Mentionnons Suzanne Dracius, L’autre qui danse (Le Rocher) et Roland Brival, L’ensauvagé (Ramsay).
A côté des gran grek martiniquais, la Guadeloupe peut compter cette année sur une nouvelle vague, représentée par Alain Foix. Cet auteur prolifique et proéiforme a publié pas moins de quatre livres en 2007. Le tout dernier associe deux de ses activités, parmi d’autres, la philosophie et la danse : Je danse donc je suis (Gallimard jeunesse, collection Giboulée).
N’oublions pas Gisèle Pineau qui prête sa plume à un ouvrage de 400 cartes postales anciennes consacrées à l’archipel (HC éditions), à paraître cette semaine : Guadeloupe d’antan : la Guadeloupe à travers la carte postale ancienne.

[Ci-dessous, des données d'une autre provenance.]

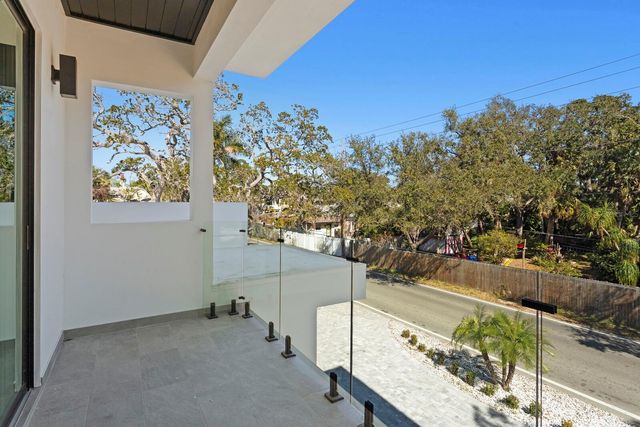 2089 ARLINGTON STREET, Sarasota, FL 34239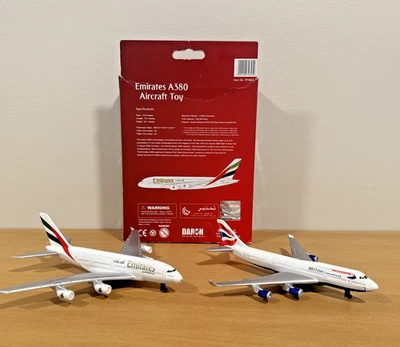 Aviones fundidos a presión Daron World Wide Inc Emirates/British Airways modelo preconstruido Foto 1 de 4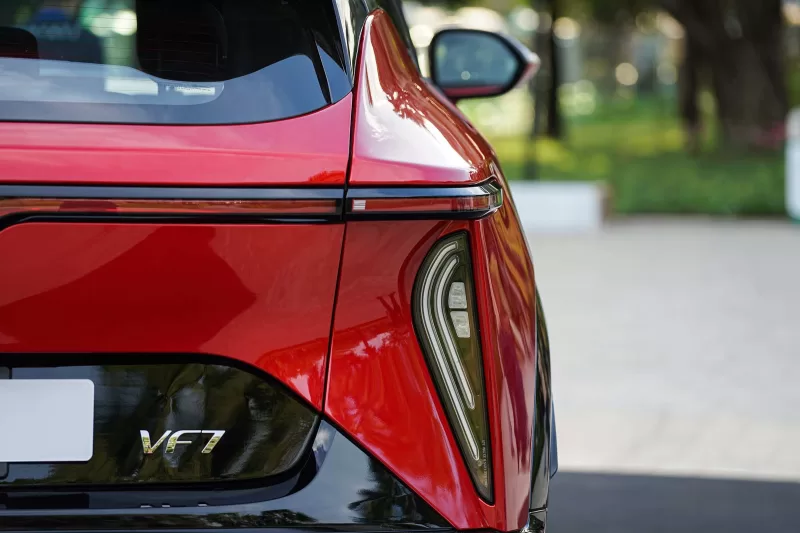 Vinfast VF7
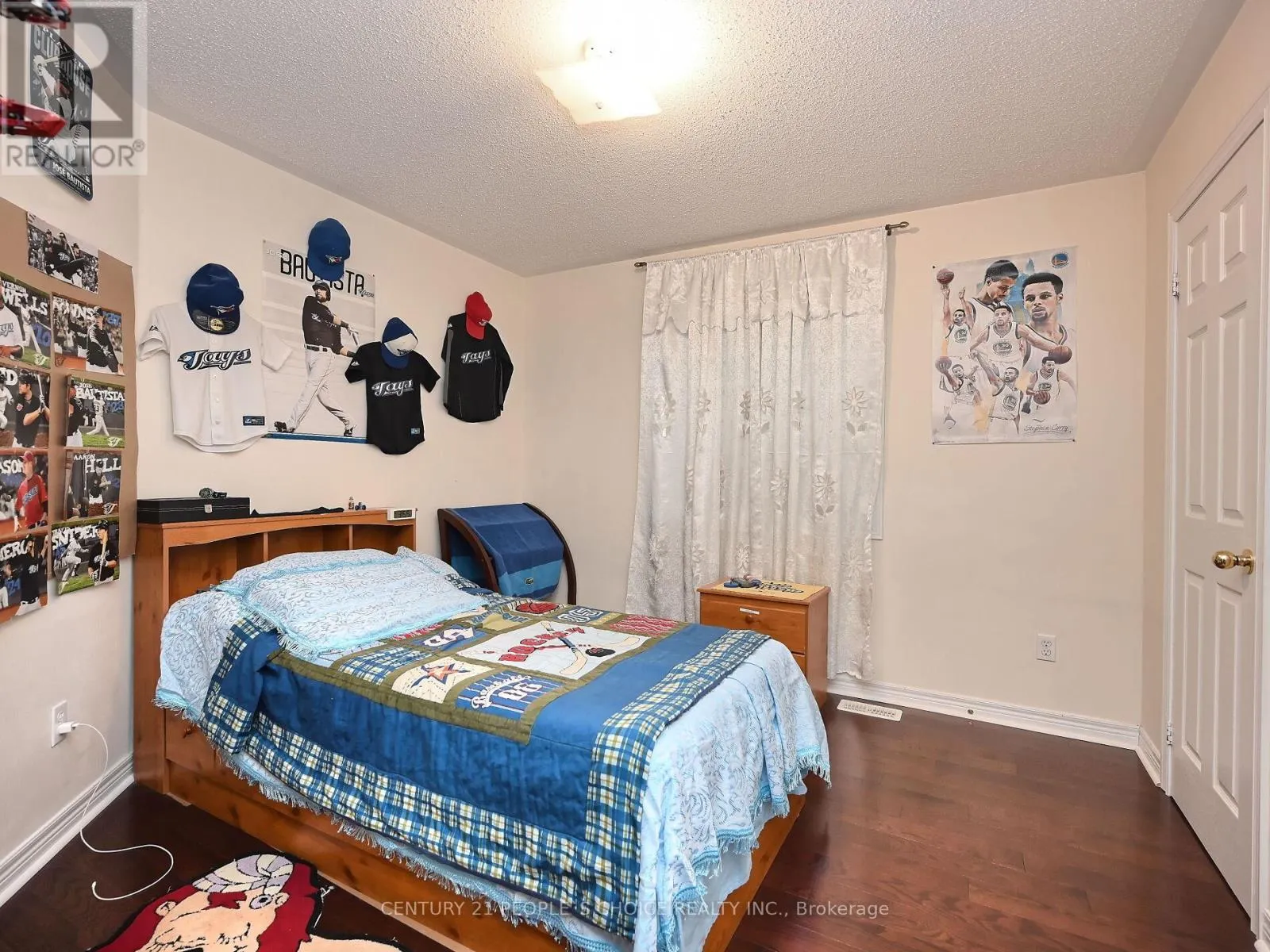 23 LANEBROOK DRIVE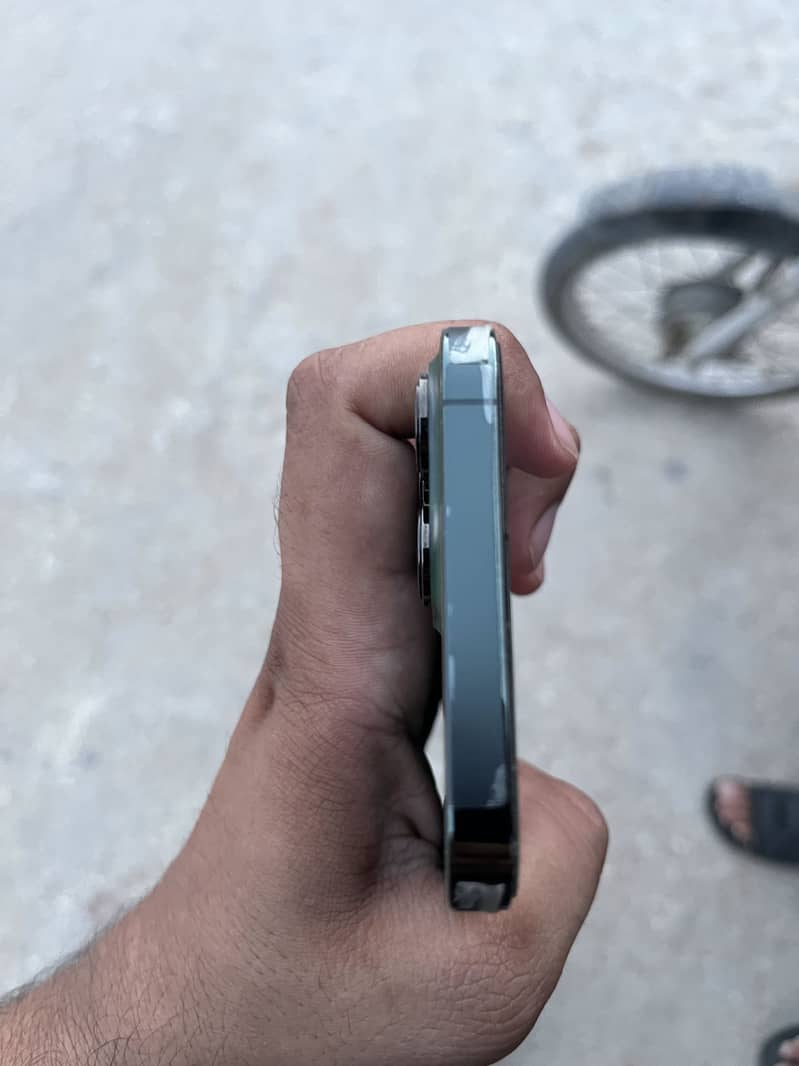 Apple iPhone 13 Pro Max 2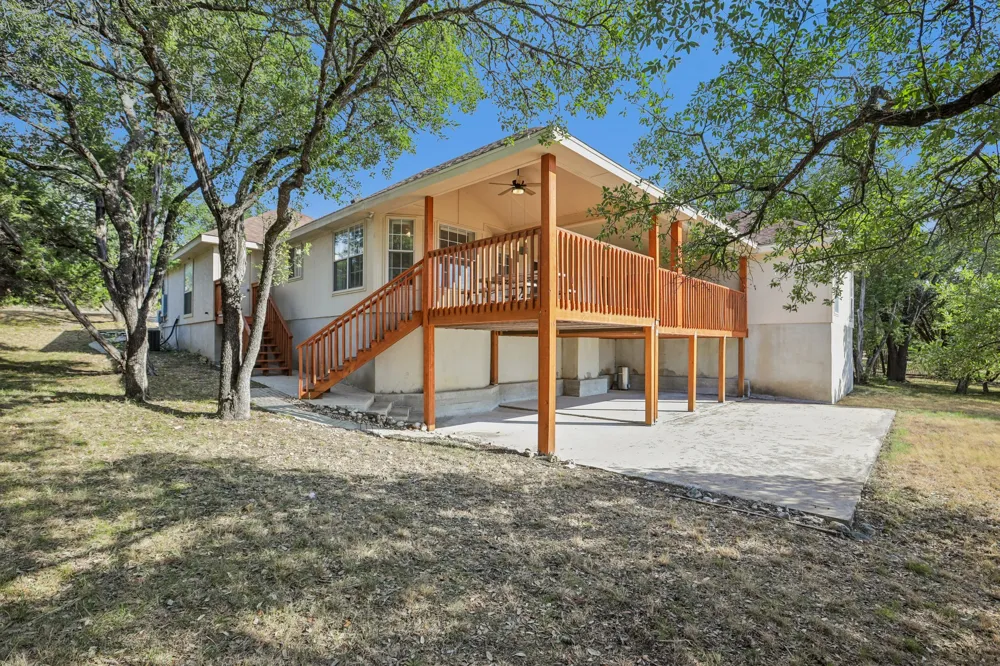 21513 Lakefront Drive Lago Vista, TX 78645
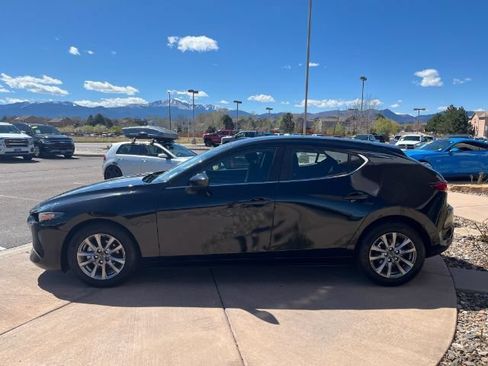 Used 2021 MAZDA MAZDA3 s FWD image 4
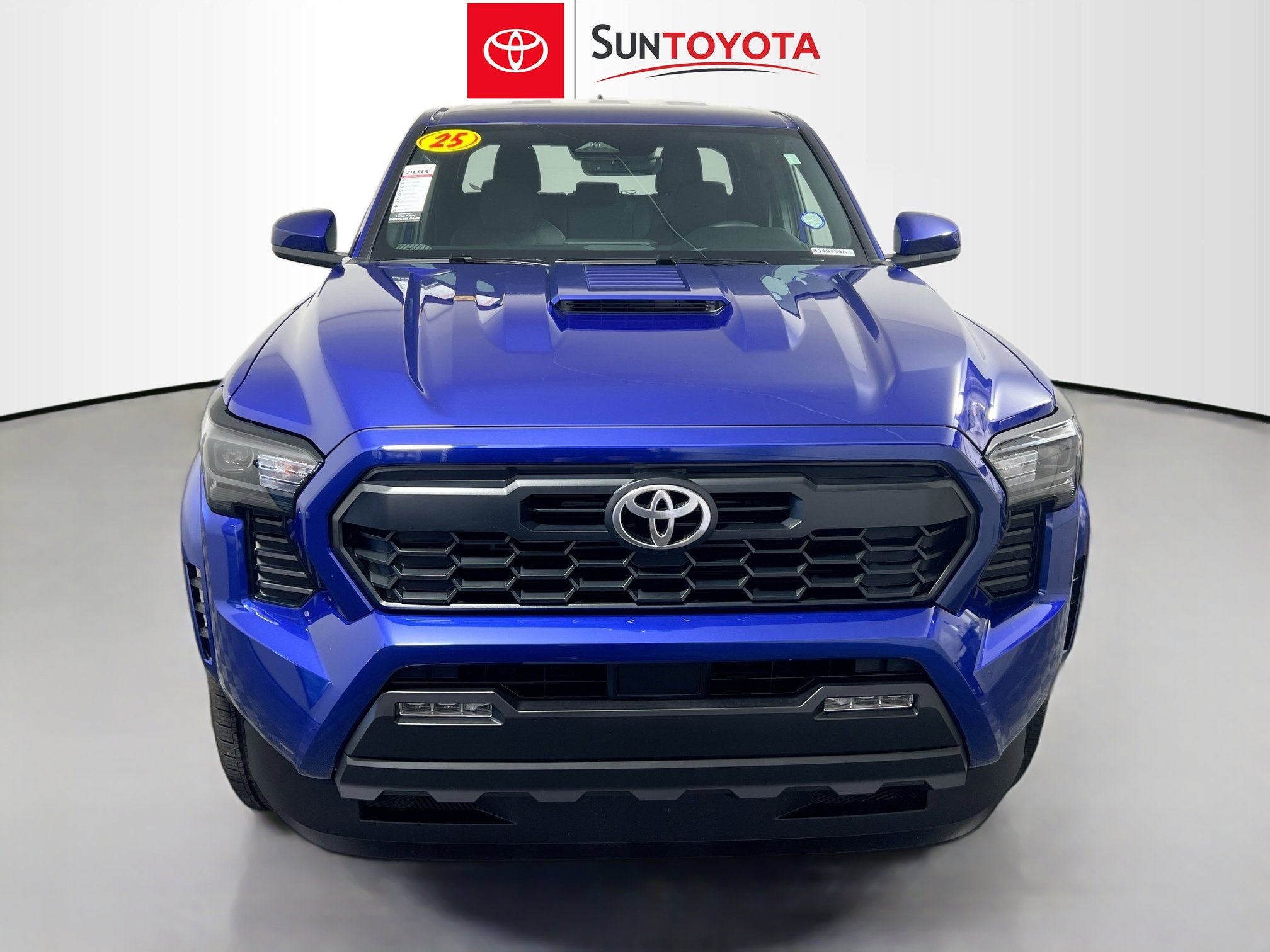 Used 2025 Toyota Tacoma TRD Sport image 10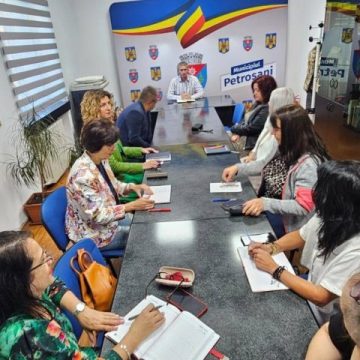 Pregătiri pentru debutul noului an școlar la Petroșani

Et d’Haïti, nous est venu pour cette rentrée un court roman, très intimiste, de Lyonel Trouillot, L’amour avant que j’oublie (Actes Sud). Les éditions Vents d’ailleurs poursuivent l’édition de deux auteurs haïtiens de la jeune génération, Gary Victor et Kettly Mars, dont on attend impatiemment le prochain livre pour novembre….
Eloigné de l’édition nationale, le Pacifique a essayé en vain d’exister dans cette rentrée. Saluons néanmoins le travail incessant porté par d’autres vents, d’Au Vent des îles (Tahiti), marqué par deux titres : Le Roi absent, roman de Moetaï Brotherson et La Domination des femmes à Tahiti, sous-titré Des violences envers les femmes au discours du matriarcat, un essai de Patrick Clerc.